Co-Investigator: Michael Larsen, Ph.D.
The Biostatistics Center serves as the Coordinating Center for the Diabetes Prevention Program Outcomes Study (DPPOS), a multi-center clinical trial of the primary prevention of diabetes. The Diabetes Prevention Program (DPP) was a partially double-masked, placebo- controlled, randomized clinical trial designed to evaluate the safety and efficacy of intensive lifestyle intervention (7% loss of body weight and an increase in calorie expenditure of at least 700 kcal per week) and pharmacological intervention (the biguanide metformin) on the prevention of diabetes in participants with impaired glucose tolerance (IGT).

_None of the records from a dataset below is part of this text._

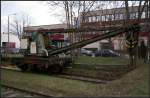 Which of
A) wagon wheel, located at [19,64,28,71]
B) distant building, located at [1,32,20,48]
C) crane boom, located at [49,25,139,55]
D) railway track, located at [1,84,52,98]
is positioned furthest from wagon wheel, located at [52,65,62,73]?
distant building, located at [1,32,20,48]

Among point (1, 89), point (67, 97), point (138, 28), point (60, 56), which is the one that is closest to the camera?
point (67, 97)

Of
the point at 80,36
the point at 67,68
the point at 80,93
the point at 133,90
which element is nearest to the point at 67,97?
the point at 80,93

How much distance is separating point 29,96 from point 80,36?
971 inches

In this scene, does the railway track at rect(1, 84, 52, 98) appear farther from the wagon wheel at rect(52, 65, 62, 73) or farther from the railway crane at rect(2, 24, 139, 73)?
the wagon wheel at rect(52, 65, 62, 73)

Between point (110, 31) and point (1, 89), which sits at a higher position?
point (110, 31)

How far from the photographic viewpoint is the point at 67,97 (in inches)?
419

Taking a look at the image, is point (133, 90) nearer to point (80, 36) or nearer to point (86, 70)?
point (86, 70)

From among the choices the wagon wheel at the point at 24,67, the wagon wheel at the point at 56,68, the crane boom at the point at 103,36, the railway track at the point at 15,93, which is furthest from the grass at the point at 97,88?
the wagon wheel at the point at 24,67

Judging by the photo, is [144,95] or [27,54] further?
[27,54]

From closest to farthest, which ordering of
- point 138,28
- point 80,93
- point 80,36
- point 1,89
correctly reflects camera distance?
1. point 80,93
2. point 1,89
3. point 138,28
4. point 80,36

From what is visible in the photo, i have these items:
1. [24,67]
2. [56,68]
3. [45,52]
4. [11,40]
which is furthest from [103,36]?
[11,40]

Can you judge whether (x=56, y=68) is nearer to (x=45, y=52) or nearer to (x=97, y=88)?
(x=45, y=52)

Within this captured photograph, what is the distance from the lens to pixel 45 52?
19.0m

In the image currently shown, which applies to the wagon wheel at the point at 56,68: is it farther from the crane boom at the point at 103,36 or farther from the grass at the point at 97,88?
the grass at the point at 97,88
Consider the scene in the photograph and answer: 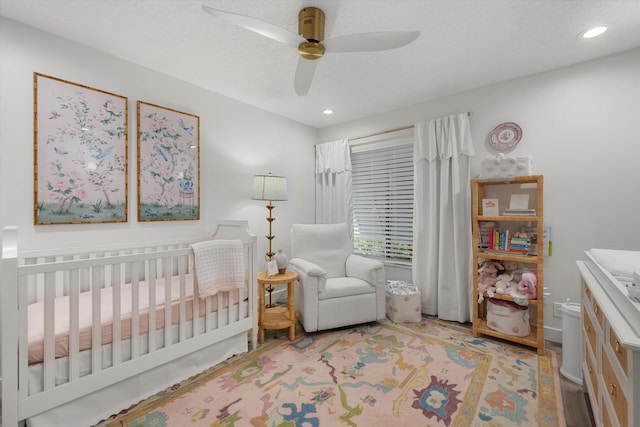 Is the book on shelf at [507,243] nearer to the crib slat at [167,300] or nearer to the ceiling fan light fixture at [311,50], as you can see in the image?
the ceiling fan light fixture at [311,50]

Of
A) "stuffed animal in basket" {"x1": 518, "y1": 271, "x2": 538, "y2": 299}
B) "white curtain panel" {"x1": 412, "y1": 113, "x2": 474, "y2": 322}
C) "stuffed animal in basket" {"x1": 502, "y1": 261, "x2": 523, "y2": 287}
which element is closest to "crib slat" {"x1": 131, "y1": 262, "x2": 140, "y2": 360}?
"white curtain panel" {"x1": 412, "y1": 113, "x2": 474, "y2": 322}

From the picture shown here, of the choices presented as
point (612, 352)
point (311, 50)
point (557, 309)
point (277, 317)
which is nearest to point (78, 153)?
point (311, 50)

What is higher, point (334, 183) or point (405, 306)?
point (334, 183)

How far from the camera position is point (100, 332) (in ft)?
5.14

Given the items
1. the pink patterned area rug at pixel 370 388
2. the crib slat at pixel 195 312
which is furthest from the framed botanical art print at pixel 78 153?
the pink patterned area rug at pixel 370 388

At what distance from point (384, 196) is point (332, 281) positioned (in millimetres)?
1406

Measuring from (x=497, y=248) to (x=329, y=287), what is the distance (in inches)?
62.6

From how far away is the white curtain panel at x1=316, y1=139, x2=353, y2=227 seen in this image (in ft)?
12.5

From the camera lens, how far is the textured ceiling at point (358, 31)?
168 cm

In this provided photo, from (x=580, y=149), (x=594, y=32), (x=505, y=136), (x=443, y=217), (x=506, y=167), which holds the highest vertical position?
(x=594, y=32)

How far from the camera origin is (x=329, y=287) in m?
2.72

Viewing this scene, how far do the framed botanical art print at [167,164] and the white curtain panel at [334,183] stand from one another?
1.76 metres

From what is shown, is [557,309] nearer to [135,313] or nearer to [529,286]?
[529,286]

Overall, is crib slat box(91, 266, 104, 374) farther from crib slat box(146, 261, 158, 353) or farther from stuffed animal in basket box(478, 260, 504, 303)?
stuffed animal in basket box(478, 260, 504, 303) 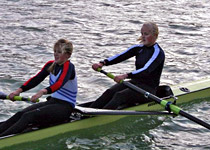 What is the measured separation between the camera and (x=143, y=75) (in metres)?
9.52

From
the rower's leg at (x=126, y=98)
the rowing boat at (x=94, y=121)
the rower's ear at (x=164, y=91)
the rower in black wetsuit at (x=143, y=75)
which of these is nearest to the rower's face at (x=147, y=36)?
the rower in black wetsuit at (x=143, y=75)

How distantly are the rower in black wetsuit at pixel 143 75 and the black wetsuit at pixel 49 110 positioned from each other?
100 cm

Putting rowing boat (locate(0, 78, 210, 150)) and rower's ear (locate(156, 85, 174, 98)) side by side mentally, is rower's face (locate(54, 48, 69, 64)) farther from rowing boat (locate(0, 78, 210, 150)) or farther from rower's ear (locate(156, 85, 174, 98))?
rower's ear (locate(156, 85, 174, 98))

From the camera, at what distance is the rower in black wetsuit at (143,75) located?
30.7ft

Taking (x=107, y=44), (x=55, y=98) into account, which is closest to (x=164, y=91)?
(x=55, y=98)

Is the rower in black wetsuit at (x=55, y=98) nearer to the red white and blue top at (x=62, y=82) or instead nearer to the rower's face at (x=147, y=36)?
the red white and blue top at (x=62, y=82)

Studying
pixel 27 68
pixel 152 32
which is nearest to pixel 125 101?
pixel 152 32

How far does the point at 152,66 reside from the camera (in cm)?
939

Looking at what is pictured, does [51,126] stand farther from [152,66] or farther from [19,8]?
[19,8]

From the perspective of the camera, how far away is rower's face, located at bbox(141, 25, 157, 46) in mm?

Over a three-year period in 27 U.S. clinical sites, DPP enrolled 3,234 participants with IGT. Participants were randomized to one of three treatment groups: placebo, metformin, or intensive lifestyle intervention. Randomized participants were followed for two to five years with quarterly visits. The study found that the lifestyle intervention reduced the risk of developing diabetes by 58% over a 3-year period (New England Journal of Medicine, February 2002). The corresponding risk reduction for metformin was 31%. The DPP Research Group was funded to conduct continued follow-up of the DPP cohort for an additional eleven years to evaluate the effects of the interventions on further development of diabetes and diabetes complications, including retinopathy, microangiopathy, and cardiovascular disease.
Funding by NIH/National Institute of Diabetes and Digestive and Kidney Diseases (NIDDK) (U01-DK-048489), 1994-2013; IND 49,782.)